La advertencia tiene mucho sentido si se toma en cuenta la historia reciente de Charlottesville. En agosto de 2017 una marcha bajo el lema “Unamos la derecha” determinó que confluyeran en la ciudad la extrema derecha, neofascistas, neoconfederados, neonazis y varias milicias de extrema derecha. El Ku Klux Klan también. Aquello no podía terminar bien, y por eso terminó mal. Un hombre arrolló con su auto una marcha de repudio a la extrema derecha, mató a una persona y dejó heridas a otras 19.
Trump condenó la violencia, pero dijo también que había “buena gente en los dos lados”. Según Biden, esa frase del presidente fue lo que lo decidió a luchar por llegar a la Casa Blanca.
En toda esta historia, las estatuas juegan un papel llamativamente importante. Dos años antes de la marcha de 2017, el gobierno de la ciudad había quitado monumentos a favor de la Confederación, el efímero Estado racista del sur que existió entre 1861 y 1865 y libró una guerra contra los Estados Unidos. Fue en reacción a la masacre de 2015 en Charleston, cuando un supremacista blanco mató a nueve afroamericanos en una iglesia. Los neonazis y extremistas de todo el país se identifican con esos monumentos que reafirman la supremacía blanca. Razón suficiente para terminar con esas estatuas alegóricas, creen en muchas ciudades estadounidenses.

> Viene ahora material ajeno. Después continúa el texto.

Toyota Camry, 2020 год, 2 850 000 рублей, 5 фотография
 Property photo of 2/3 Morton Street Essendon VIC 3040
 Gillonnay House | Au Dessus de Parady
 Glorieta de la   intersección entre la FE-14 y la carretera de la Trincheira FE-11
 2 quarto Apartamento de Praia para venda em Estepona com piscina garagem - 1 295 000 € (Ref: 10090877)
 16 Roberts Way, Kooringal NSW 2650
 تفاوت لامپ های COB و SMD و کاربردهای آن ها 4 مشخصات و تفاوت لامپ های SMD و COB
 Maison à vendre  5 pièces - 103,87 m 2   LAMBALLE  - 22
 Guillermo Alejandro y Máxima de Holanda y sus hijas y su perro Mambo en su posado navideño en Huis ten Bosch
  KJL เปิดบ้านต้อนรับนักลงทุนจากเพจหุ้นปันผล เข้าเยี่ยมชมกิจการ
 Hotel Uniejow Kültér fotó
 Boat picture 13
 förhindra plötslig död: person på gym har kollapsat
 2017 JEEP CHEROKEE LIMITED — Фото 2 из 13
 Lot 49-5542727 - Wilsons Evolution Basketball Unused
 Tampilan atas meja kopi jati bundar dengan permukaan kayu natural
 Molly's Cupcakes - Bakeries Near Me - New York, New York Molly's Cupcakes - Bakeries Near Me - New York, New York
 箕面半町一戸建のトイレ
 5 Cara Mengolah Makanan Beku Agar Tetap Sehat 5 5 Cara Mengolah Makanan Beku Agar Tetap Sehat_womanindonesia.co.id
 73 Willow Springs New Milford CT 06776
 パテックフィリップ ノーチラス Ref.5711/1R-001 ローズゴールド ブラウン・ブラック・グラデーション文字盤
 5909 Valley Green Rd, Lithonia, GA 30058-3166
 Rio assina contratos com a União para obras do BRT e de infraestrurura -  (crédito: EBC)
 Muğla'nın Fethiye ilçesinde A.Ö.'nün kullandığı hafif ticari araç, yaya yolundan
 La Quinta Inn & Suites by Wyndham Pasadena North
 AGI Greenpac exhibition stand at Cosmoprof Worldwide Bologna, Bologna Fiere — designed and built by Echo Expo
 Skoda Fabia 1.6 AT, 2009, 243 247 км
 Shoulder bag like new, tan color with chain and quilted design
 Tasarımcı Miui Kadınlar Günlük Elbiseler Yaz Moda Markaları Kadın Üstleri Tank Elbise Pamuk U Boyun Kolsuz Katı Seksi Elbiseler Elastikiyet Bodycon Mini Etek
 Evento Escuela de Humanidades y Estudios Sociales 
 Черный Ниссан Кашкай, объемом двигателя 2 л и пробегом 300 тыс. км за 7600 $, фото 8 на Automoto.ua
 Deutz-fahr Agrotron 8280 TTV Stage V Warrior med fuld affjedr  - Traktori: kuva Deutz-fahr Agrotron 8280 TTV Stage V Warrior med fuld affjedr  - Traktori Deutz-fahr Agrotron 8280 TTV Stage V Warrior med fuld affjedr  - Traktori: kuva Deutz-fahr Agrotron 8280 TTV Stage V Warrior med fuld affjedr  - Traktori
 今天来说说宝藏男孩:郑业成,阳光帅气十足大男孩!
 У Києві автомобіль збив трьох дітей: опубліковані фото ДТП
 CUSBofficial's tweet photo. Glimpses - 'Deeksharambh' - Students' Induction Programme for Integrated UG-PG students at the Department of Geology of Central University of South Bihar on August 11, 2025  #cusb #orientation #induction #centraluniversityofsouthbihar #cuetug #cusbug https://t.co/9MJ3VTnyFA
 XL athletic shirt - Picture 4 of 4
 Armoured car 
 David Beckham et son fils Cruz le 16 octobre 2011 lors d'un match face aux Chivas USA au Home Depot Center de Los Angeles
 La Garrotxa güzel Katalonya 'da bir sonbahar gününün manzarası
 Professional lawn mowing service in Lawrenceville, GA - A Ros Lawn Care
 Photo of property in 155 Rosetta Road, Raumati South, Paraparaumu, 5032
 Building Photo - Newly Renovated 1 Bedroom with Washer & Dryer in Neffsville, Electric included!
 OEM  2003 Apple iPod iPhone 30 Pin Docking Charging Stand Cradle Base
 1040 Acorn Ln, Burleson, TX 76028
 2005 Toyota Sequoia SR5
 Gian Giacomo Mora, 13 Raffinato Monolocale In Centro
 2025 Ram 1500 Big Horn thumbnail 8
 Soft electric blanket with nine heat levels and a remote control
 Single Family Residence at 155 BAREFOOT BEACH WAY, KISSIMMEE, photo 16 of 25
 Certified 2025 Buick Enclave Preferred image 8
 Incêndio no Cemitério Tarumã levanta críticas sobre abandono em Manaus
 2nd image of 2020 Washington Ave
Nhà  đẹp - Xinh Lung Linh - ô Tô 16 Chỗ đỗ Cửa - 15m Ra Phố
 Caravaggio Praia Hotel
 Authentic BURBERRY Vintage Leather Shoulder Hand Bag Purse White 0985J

En Charlottesville hay varias, seis en total que se han quitado, movido de sitio o están en proceso de dejarlo. Una de ellas es especialmente polémica, la de Robert Lee, un general de la Confederación. Ubicada en el centro de un parque hermoso, el de Market Street, espera ahí, protegida por una valla para evitar que se la vandalice, hasta que el Tribunal Supremo del Estado decida su destino.
La de Lewis, Clark y Sacajawea ya lo conoce en cambio: el concejo municipal decidió en noviembre de 2019 que se la sacará del céntrico emplazamiento en el que está. Cuándo se hará, es una incógnita. Adónde irá, también.
Rozina George y Emma George, tataranietas de Sacajawea, relatan su historia en una placa que puede verse junto al monumento. Destacan no solo que fuera la única mujer en la “larga y ardua expedición de Lewis y Clark” entre 1805 y 1806, sino su aporte para unir mundos diferentes. “Es una embajadora que construyó puentes entre ambas naciones. Su contribución a la gente de hoy y de futuras generaciones puede identificarse como un símbolo de unidad y paz para todos”.
El problema es que nadie termina de confirmar si lo que se ve allí es a Lewis y Clark oteando hacia el oeste y Sacajawea rastreando, o a los dos militares haciendo lo suyo mientras la shoshona Sacajawea se resigna a la sumisión. En esa diferencia, nada sutil, se cuece un debate que puede terminar, como ya lo ha hecho, diseminando la violencia por las calles de Charlottesville y de todo un país.